Drawing on the Right Side of the Brain, Betty Edwards.
“A course in enhancing creativity and artistic confidence.” Truly a course in perception, this is a fascinating look at how the two modes of our brains — the verbal, analytical mode and the visual, perceptual mode — work as we create. Edwards asserts that when we draw (a task best left to the visual, perceptual mode), our stronger verbal, analytical mode takes over. She takes the reader through various exercises, teaching anyone (and I do mean anyone) how to tap into the visual, perceptual mode and perceive what’s before him, and then translate that to paper.
While engaging with this text may seem to negate all the verbal stuff we do as writers, I think it actually brings a new dimension and a balance to our words. I find that it’s also relevant in thinking about drafting (creative, visual, perceptual) versus revising (verbal, analytical).
The Trickster’s Hat: A Mischievous Apprenticeship in Creativity, Nick Bantock.
This book begins with a dedication: “For the wide-eyed wonderers.” While Bantock may have specific “wide-eyed wonderers” in mind, I’d like to put myself in the category of wide-eyed wonderer, wouldn’t you? After the dedication comes a warning: “If you want a shortcut to originality…this isn’t the book for you. On the other hand, if you’re wiling to be led hither and thither down unlikely paths by a fellow of dubious reputation, if you’re prepared to keep a sense of humor and not be fazed when he plucks the unexpected out of a mischief-stuffed hat, if you’re ready to zigzag, detour, and wander if search of a better understanding of your artistic core, then please feel free to slip-slide further into these pages.”
Again, this is a book that begins with artistic creation, but continues into both visual and verbal meaning. And he uses “hither and thither” in the second sentence.
Wonderbook: The Illustrated Guide to Creating Imaginative Fiction, Jeff Vandermeer
“[T]he history of the world could be seen as an ongoing battle between good and bad imaginations…. Your imagination and your stories exist within this wider context, and sometimes you’ll find you need to break free of other people’s imaginations to allow your own uniqueness to shine through.”

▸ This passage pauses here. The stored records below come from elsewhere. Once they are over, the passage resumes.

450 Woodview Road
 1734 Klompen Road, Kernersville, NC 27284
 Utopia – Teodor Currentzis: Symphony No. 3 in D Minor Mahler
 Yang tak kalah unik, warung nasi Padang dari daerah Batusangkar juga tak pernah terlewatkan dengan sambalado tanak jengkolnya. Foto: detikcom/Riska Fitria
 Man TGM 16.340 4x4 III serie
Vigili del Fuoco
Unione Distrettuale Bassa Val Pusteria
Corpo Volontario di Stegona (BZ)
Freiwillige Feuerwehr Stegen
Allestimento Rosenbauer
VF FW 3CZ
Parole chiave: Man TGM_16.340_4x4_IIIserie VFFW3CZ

Wonderbook is a dense book, full of images, stories, exercises, and wisdom. It turns to visual art in order to understand how to create fiction.
Picture This: How Pictures Work, Molly Bang
“Our feelings arise because we see pictures as extensions of the real world. Pictures that affect us strongly use structural principles based on the way we have to react in the real world in order to survive. As soon as you understand these principles, you will understand why pictures have such specific emotional effects.”
This is a brilliant little book (and the only book of the four that I’ve finished so far, seeing as how it’s only 96 pages and mostly illustrated). It analyzes the reasons why shape, color, and composition evoke certain emotions.
Even if you feel like you don’t have an artistic bone in your body, I recommend checking these books out. They provide an antidote to BIC, and give your brain something new to chew on: dessert.